Amazon is the latest hyperscaler to take on the world of foundation AI including generative and large language models. It has launched a new platform called AWS Bedrock that includes access to in-house tools such as the Titan family of foundation models, and pre-trained models from start-ups like AI21 Labs, Anthropic and Stability AI. The company says the focus is on providing a range of models for use in “enterprise-scale” AI tools. One expert said Amazon has “a long way to go” to catch up with other players in the field.

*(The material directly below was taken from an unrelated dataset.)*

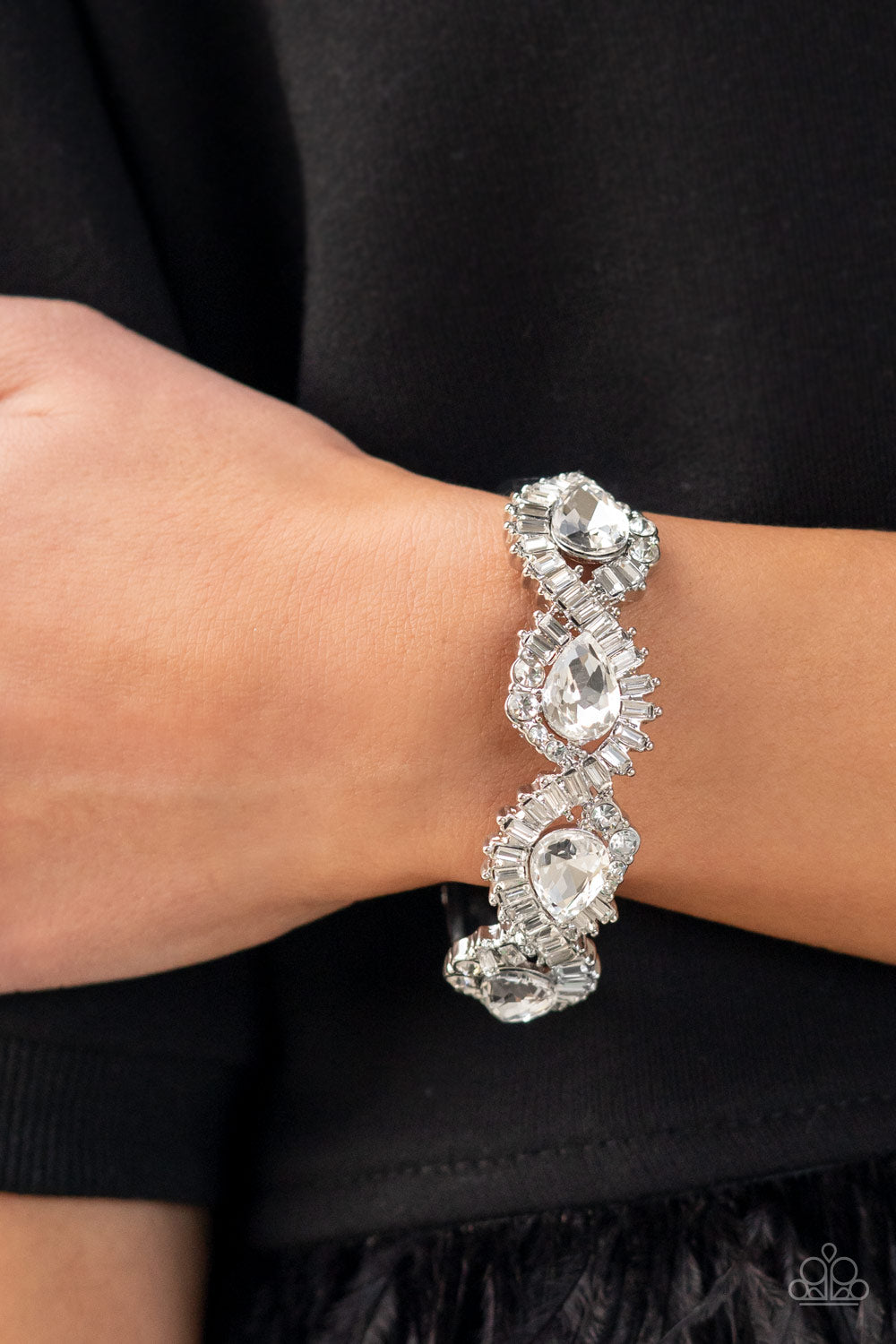 Paparazzi Accessories: For the Win - White Bracelet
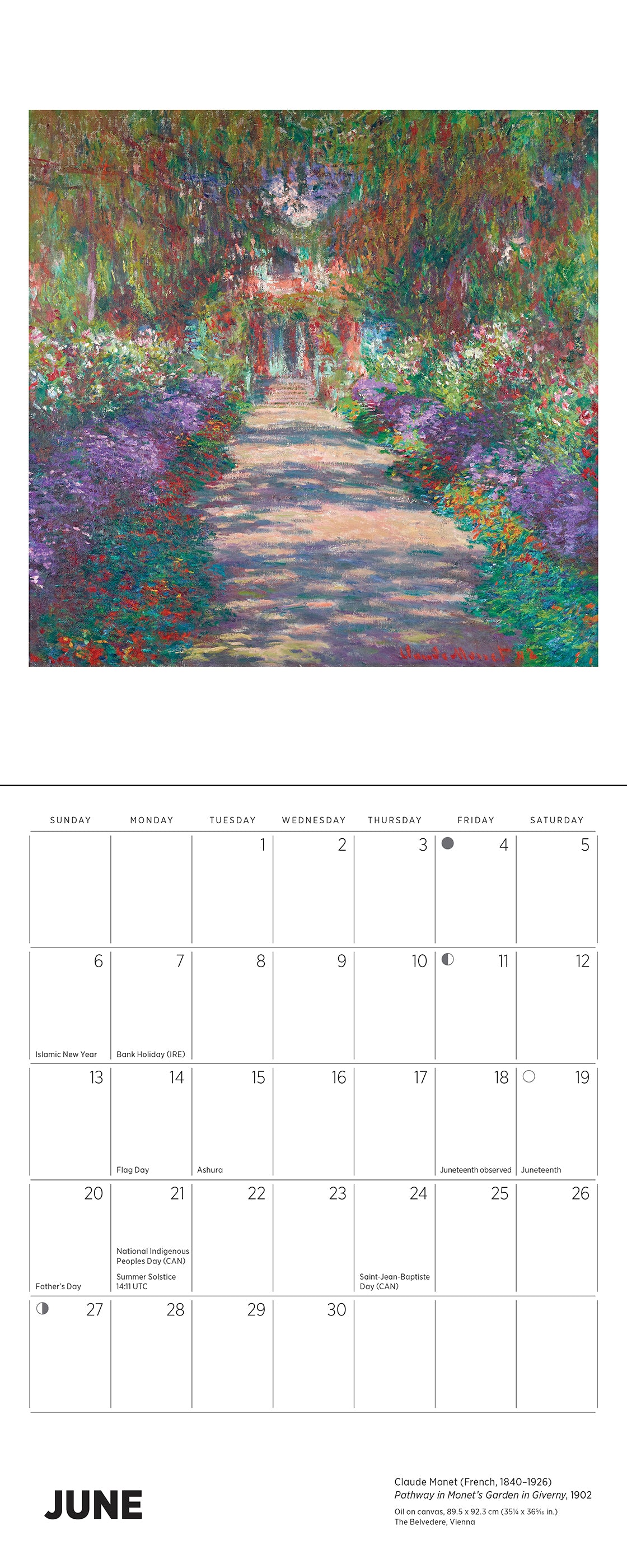 Claude Monet 2027 Mini Calendar_Interior_1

Opening AWS up as a marketplace for multiple AI models mirrors moves by Google to offer those made by third parties in Google Cloud alongside its own PaLM, including from Midjourney and AI21 Labs. Microsoft has gone “all in” with OpenAI through its Azure cloud, offering GPT-4, ChatGPT and other models for customers.
Amazon says it will allow companies to train chatbots and AI tools on their own proprietary data without having to invest in costly data centres and expensive AI chips. AWS will use a combination of its own custom AI chips and those from Nvidia. “We’re able to land hundreds of thousands of these chips, as we need them,” explained Dave Brown, VP of Elastic Compute Cloud at AWS.
The launch of Bedrock has been in the works for the past few months, with AWS signing partnership agreements with Stability AI and other start-ups, as well as investing more in generative AI apps and its underlying technology. Hugging Face has also worked to bring its library of text-generating models onto AWS and Amazon has launched an AI accelerator for startups.
AWS is the largest hyperscaler in the world but is facing increasing competition from Google Cloud, Microsoft Azure and others, largely off the back of their AI offerings. Both companies have invested heavily in general AI tools including in chatbots such as ChatGPT and Google Bard.
Amazon hasn’t unveiled the pricing for its AI offerings yet and full details aren’t clear but users will be able to tap into the various foundation models via an API. It is focused on “enterprise-scale” apps rather than individual tools as it is designed for scale.
Multiple AI models
AI21 Labs Jurassic-2 family of foundation models are particularly suited to generating multilingual text, while Anthropic’s Claud is good for text-processing and conversational tools. Stability AI brings text-to-image tools to Bedrock including Stable Diffusion which can be used for images, art, logos and graphic design. The most recent version of Stable Diffusion has improved text accuracy and clarity. Using Bedrock, developers will be able to create tools that combine models.
Amazon’s own Titan models include text and embedding. This allows for text generation like writing a blog post or a sales pitch, where embedding can translate text into numerical representations to find the semantic meaning of the text.
Any of the models can then be further trained on labelled datasets stored in S3, Amazon’s cloud storage tool. Only 20 well-labelled pieces of data is required to make the model work against the proprietary information and none of that data will be used to train the underlying models, according to Amazon.
“At Amazon, we believe AI and ML are among the most transformational technologies of our time, capable of tackling some of humanity’s most challenging problems. That is why, for the last 25 years, Amazon has invested heavily in the development of AI and ML, infusing these capabilities into every business unit,” the company said in a statement.
In the same statement Amazon highlighted the use of chips to bring down the cost of running generative AI workloads, explaining that these ultra-large models require massive compute power to run in production and so AWS Inferentia chips can be used to make this more efficient and reduce cost at enterprise scale.
AWS Bedrock has ‘a lot of catching up to do’
The company is also opening up its answer to Microsoft’s GitHub Copilot, a tool widely used by developers to help write code. Amazon is making CodeWhisperer available for free for individual developers. It is an AI-powered coding companion that can offer code suggestions based on previously written code or comments. There are no usage limits for the free version, but a paid tier, for professional use, also includes enterprise security and admin capabilities.
Daniel Stodolsky, former Google Cloud VP and current SVP of Cloud at SambaNova said the old cloud argument of bringing compute to your data doesn’t stack up in the new world of generative AI. “Whereas other cloud services such as predictive analytics rely on huge volumes of real-time data, Amazon says the process of customising its pre-trained LLM can be completed with as few as 20 labelled data examples,” he said.
“The trend for generative AI will be towards open best-of-breed approaches rather than vendor lock-in and closed models. It’s much better to own a large language model that’s built and fine-tuned for your use-case rather than relying on an off-the-shelf model with minimal customisation.
“The other consideration is getting value from generative AI quickly. Amazon’s Bedrock service is only in limited preview right now and anyone looking at AWS Service Terms will find that Service Level Agreements don’t apply – in other words, it’s not production ready and won’t be for some time. Generative AI is a race that’s already well underway, and Amazon clearly has a lot of catching up to do with other production-ready platforms.”